A long long time ago, in a galaxy far away, I was active in various student associations, where I invariably ended up layouting the association's magazine using PageMaker or RagTime. So after a lot of experimenting, unlearning and documentation-consulting, in these past four (*) days, I managed to completely revamp the quartam.com website.
The result is CSS-based, and my website no longer looks like something designed in the 20th century. There's one more section to redo as far as layout goes, and I still have to wrap up those elusive tutorials that I started back in 2006 - I'll let you know when those eggs hatch. Right now, I have to get back to preparing for runrevlive.08 - where I will be presenting the session on Advanced Databases.

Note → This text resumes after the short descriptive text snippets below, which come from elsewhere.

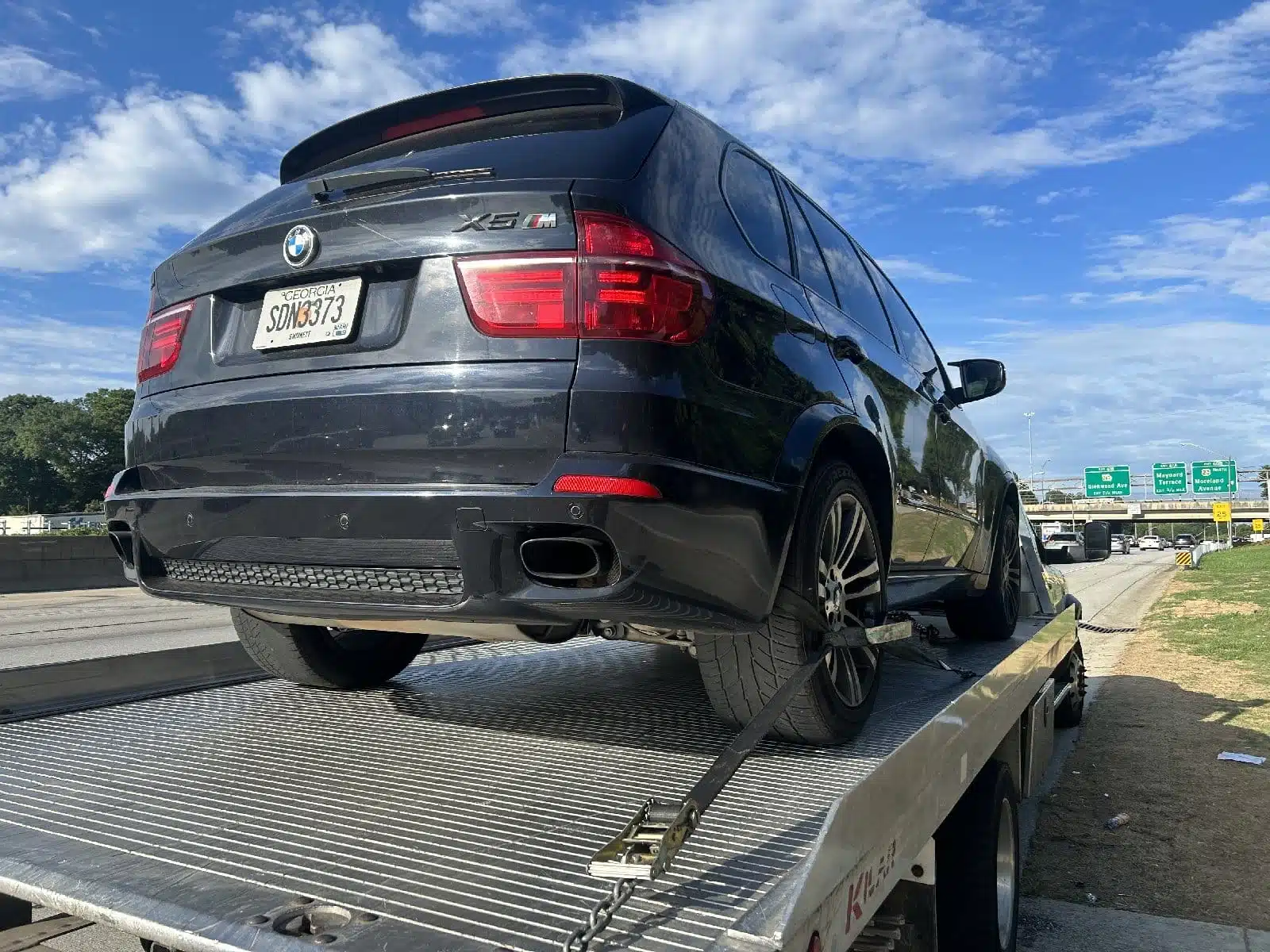 Car image while towing by Amanah tow team.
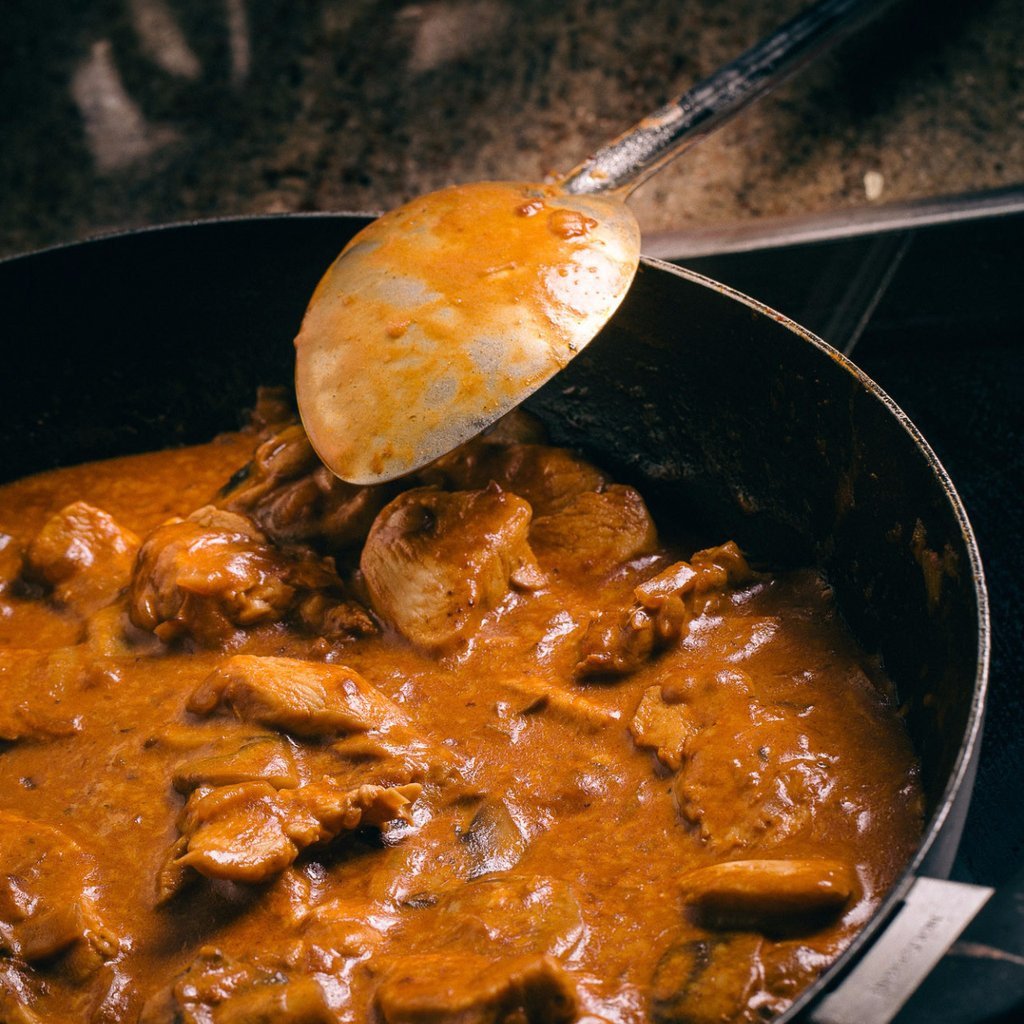 ready made home delivery meals featuring chicken and mushroom in a cooking pan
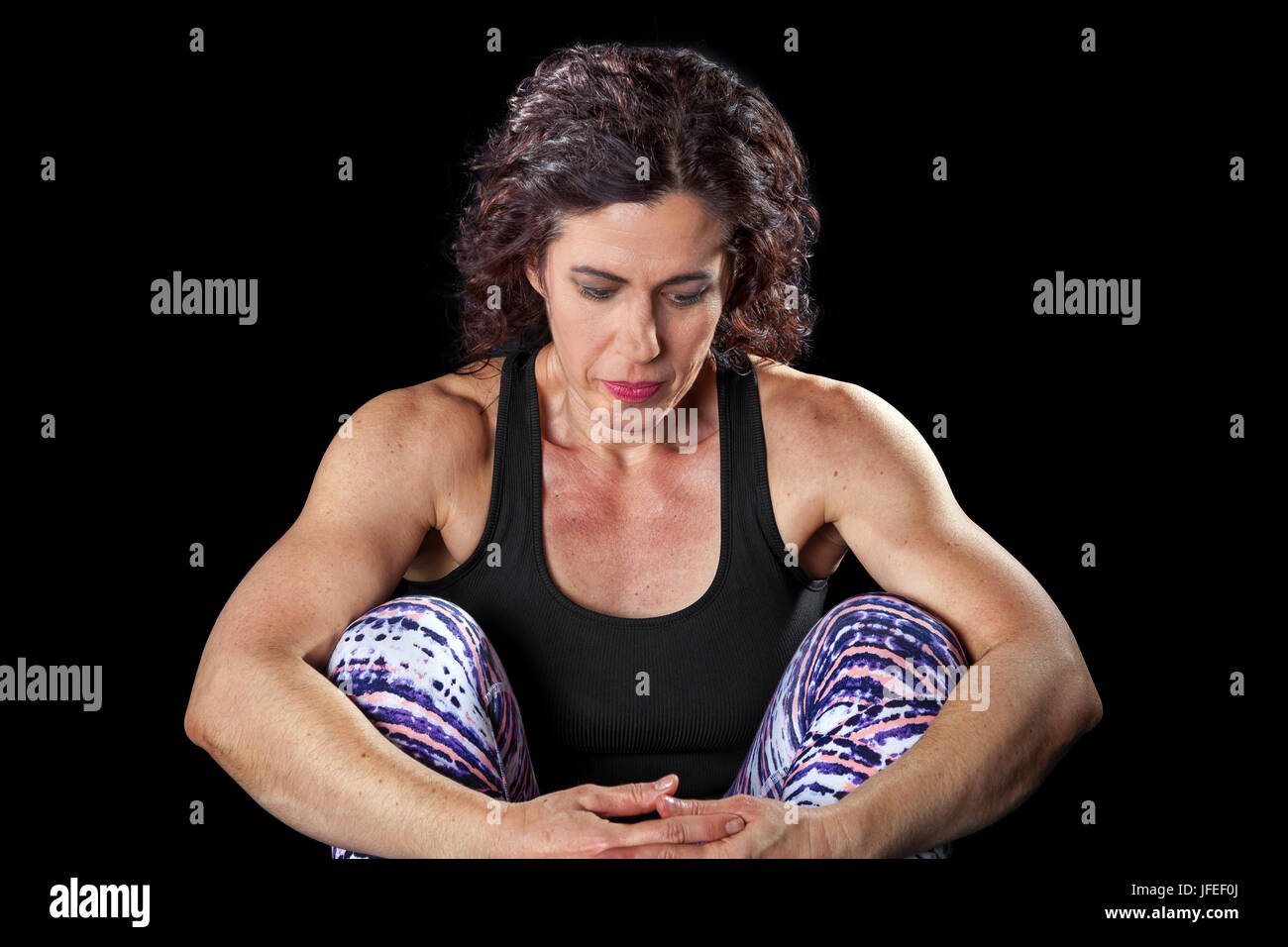 Donna muscolare su sfondo nero si siede con le braccia intorno a lei le ginocchia. Ha un aspetto contemplativo e forse un po' triste o nel profondo del pensiero. Foto Stock
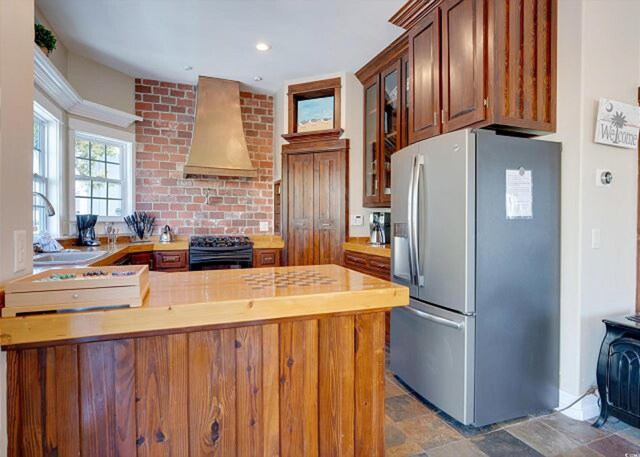 kitchen with black appliances, custom range hood, and sink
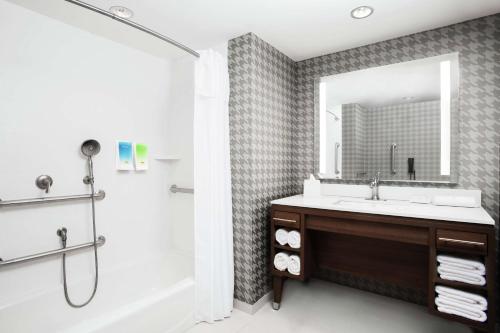 YaphankHome2 Suites by Hilton Long Island Brookhaven的一间带水槽、浴缸和镜子的浴室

(*) Four days, whereas I had planned two days. Great - just great. If my boss reads this, I'm sure he'll have a field day - according to him, you need to multiply a developer's time estimate by 2 and then you may get a more realistic timeframe. Don't you just hate it when the manager is right? Then again, he worked his way up from the coding trenches - which means he has a much better idea about software development than, say, a former bank director pretending to be a CEO in IT...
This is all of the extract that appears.